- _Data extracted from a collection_

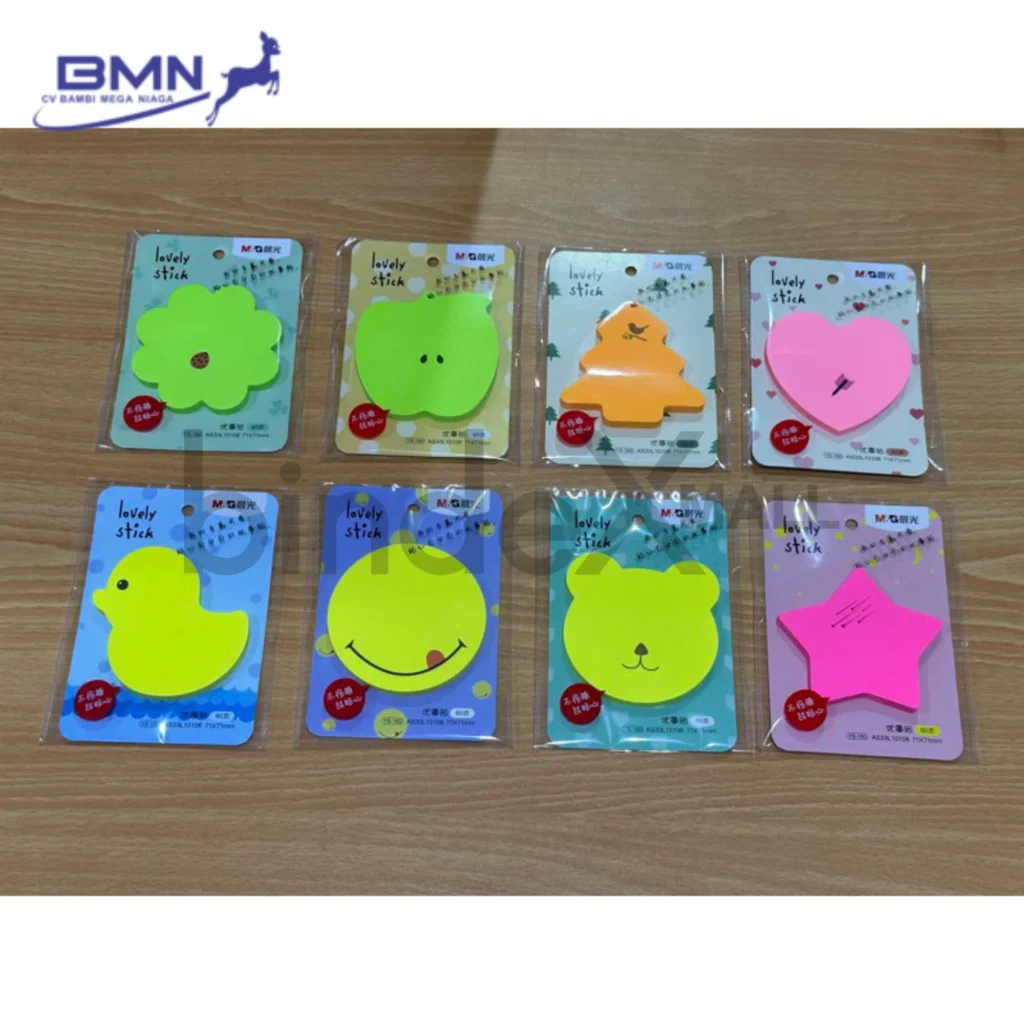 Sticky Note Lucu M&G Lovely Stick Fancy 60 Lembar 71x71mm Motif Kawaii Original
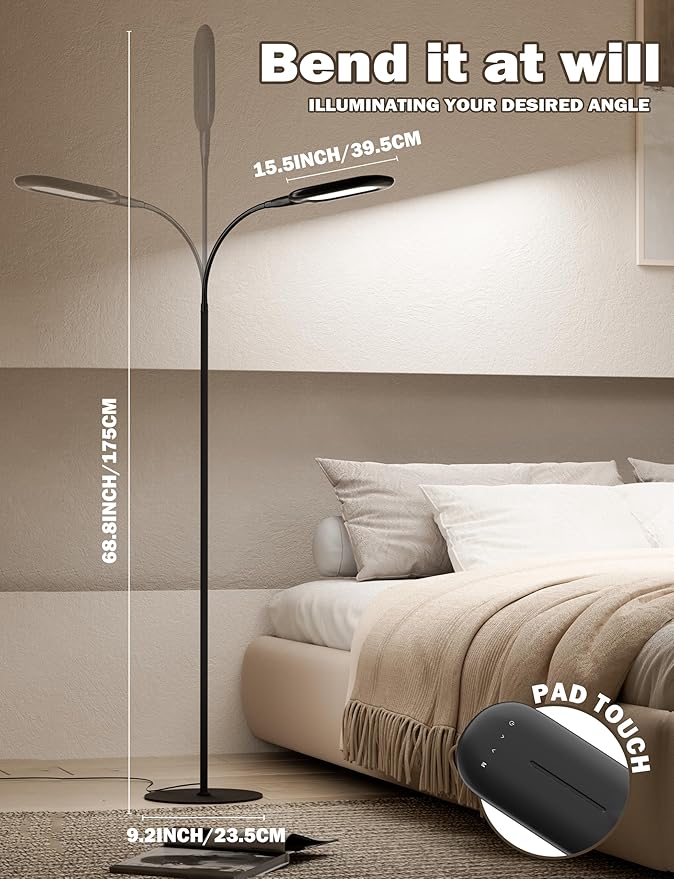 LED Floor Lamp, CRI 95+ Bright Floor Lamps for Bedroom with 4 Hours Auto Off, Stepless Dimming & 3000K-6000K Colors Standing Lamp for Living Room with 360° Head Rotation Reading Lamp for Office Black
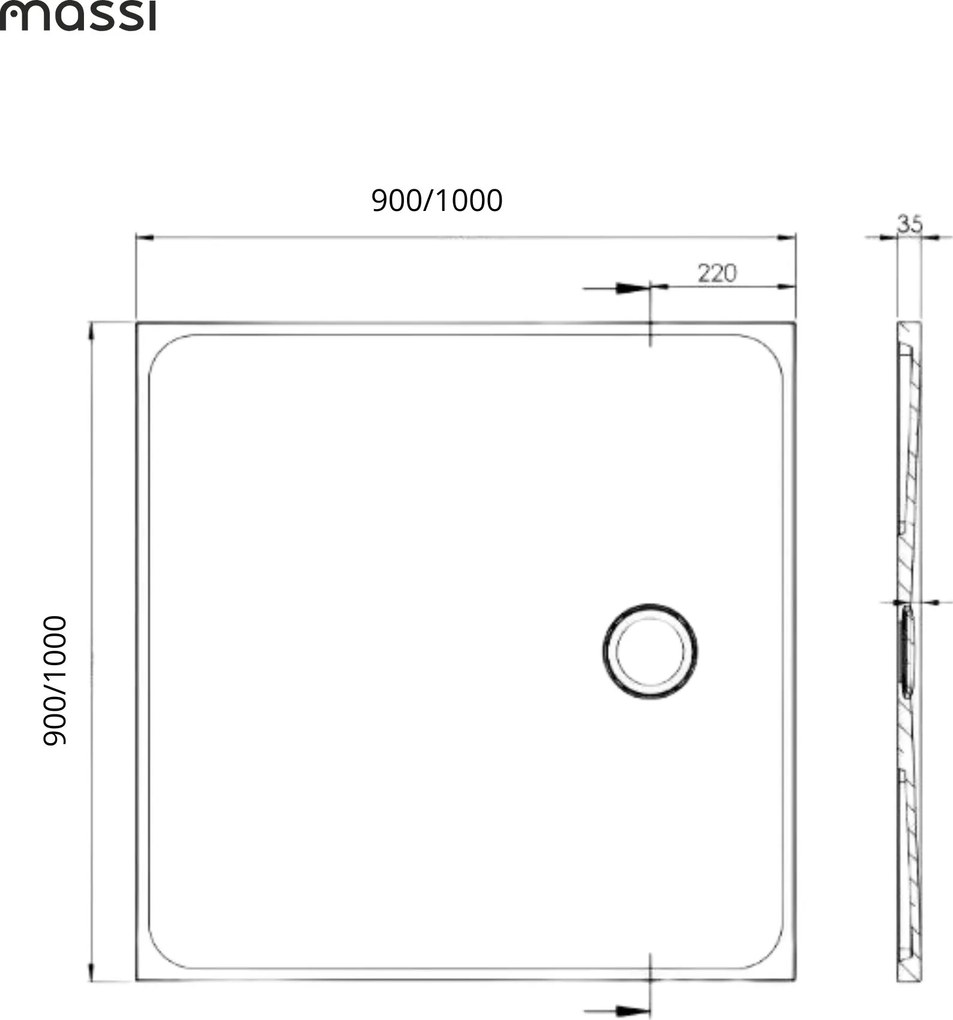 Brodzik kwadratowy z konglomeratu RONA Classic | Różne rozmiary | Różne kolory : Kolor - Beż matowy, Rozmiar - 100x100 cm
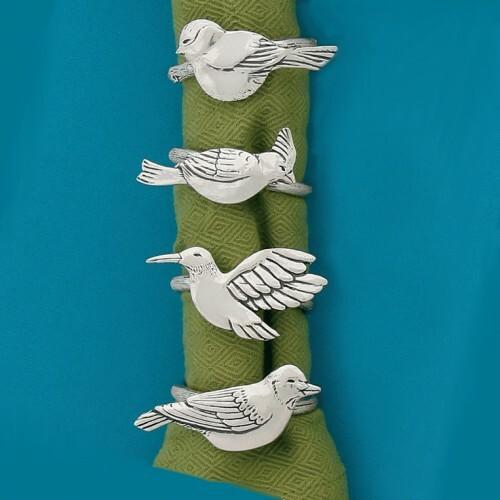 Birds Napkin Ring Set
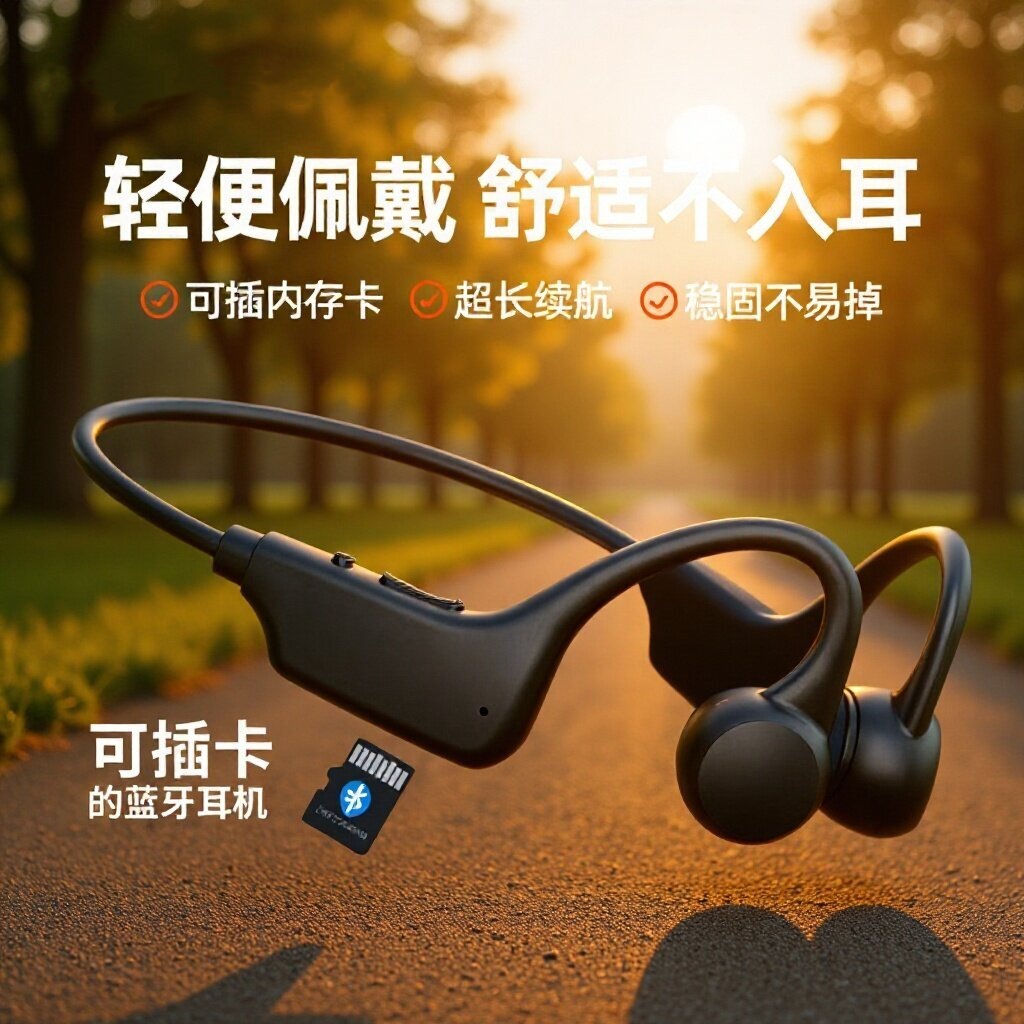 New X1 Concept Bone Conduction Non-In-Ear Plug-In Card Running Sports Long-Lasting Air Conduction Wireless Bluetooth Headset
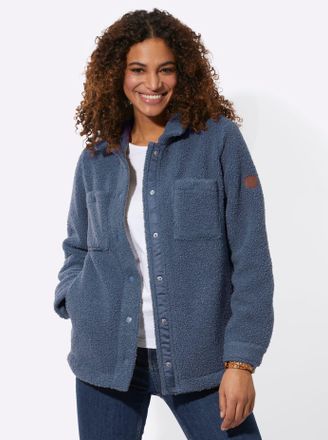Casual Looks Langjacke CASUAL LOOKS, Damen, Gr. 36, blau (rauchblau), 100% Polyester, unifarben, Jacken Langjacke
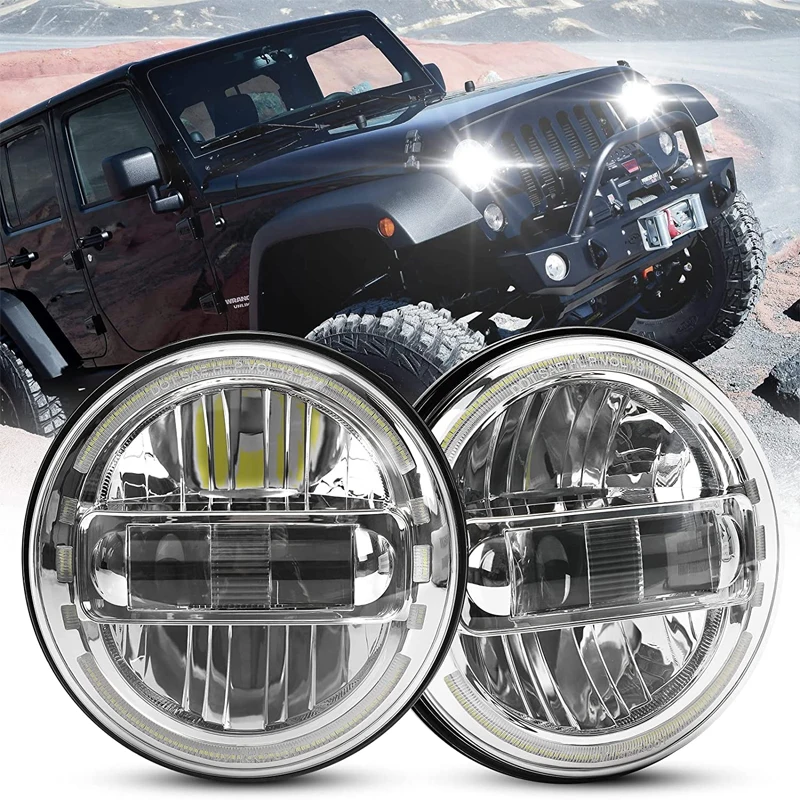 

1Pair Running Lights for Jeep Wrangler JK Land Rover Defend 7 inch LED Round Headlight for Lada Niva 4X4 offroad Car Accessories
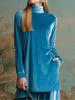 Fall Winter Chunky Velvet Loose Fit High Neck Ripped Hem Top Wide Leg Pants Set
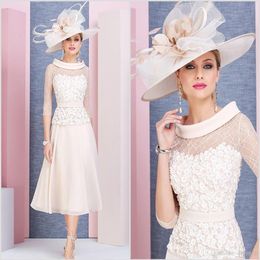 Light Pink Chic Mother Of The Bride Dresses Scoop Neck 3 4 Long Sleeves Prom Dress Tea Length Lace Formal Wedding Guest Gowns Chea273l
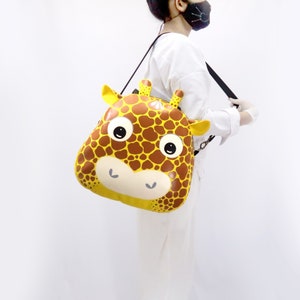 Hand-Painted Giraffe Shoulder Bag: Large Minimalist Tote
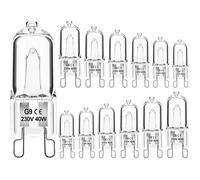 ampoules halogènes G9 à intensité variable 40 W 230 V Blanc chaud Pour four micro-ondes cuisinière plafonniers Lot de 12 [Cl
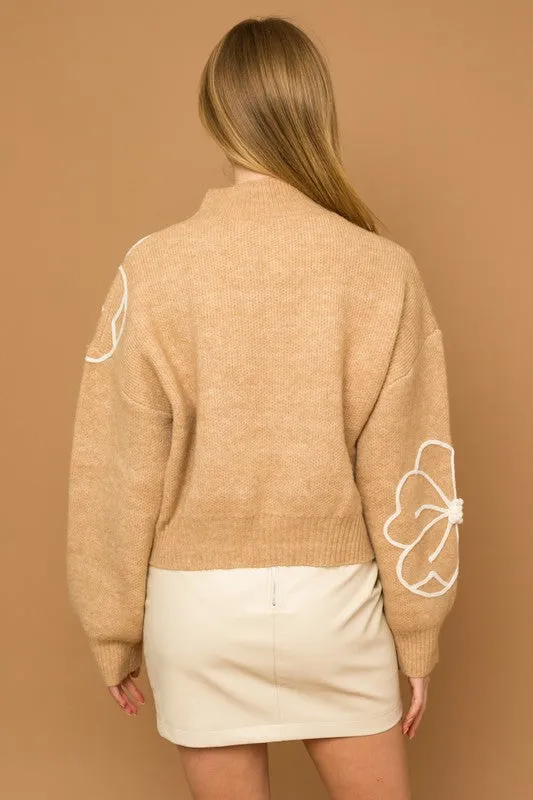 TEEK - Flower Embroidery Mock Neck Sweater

- _Task description_
Each record should be printed again precisely, though not its pictures.

- _Response to this exercise_
 Sticky Note Lucu M&G Lovely Stick Fancy 60 Lembar 71x71mm Motif Kawaii Original
 LED Floor Lamp, CRI 95+ Bright Floor Lamps for Bedroom with 4 Hours Auto Off, Stepless Dimming & 3000K-6000K Colors Standing Lamp for Living Room with 360° Head Rotation Reading Lamp for Office Black
 Brodzik kwadratowy z konglomeratu RONA Classic | Różne rozmiary | Różne kolory : Kolor - Beż matowy, Rozmiar - 100x100 cm
 Birds Napkin Ring Set
 New X1 Concept Bone Conduction Non-In-Ear Plug-In Card Running Sports Long-Lasting Air Conduction Wireless Bluetooth Headset
Casual Looks Langjacke CASUAL LOOKS, Damen, Gr. 36, blau (rauchblau), 100% Polyester, unifarben, Jacken Langjacke

1Pair Running Lights for Jeep Wrangler JK Land Rover Defend 7 inch LED Round Headlight for Lada Niva 4X4 offroad Car Accessories
 Fall Winter Chunky Velvet Loose Fit High Neck Ripped Hem Top Wide Leg Pants Set
 Light Pink Chic Mother Of The Bride Dresses Scoop Neck 3 4 Long Sleeves Prom Dress Tea Length Lace Formal Wedding Guest Gowns Chea273l
 Hand-Painted Giraffe Shoulder Bag: Large Minimalist Tote
 ampoules halogènes G9 à intensité variable 40 W 230 V Blanc chaud Pour four micro-ondes cuisinière plafonniers Lot de 12 [Cl
 TEEK - Flower Embroidery Mock Neck Sweater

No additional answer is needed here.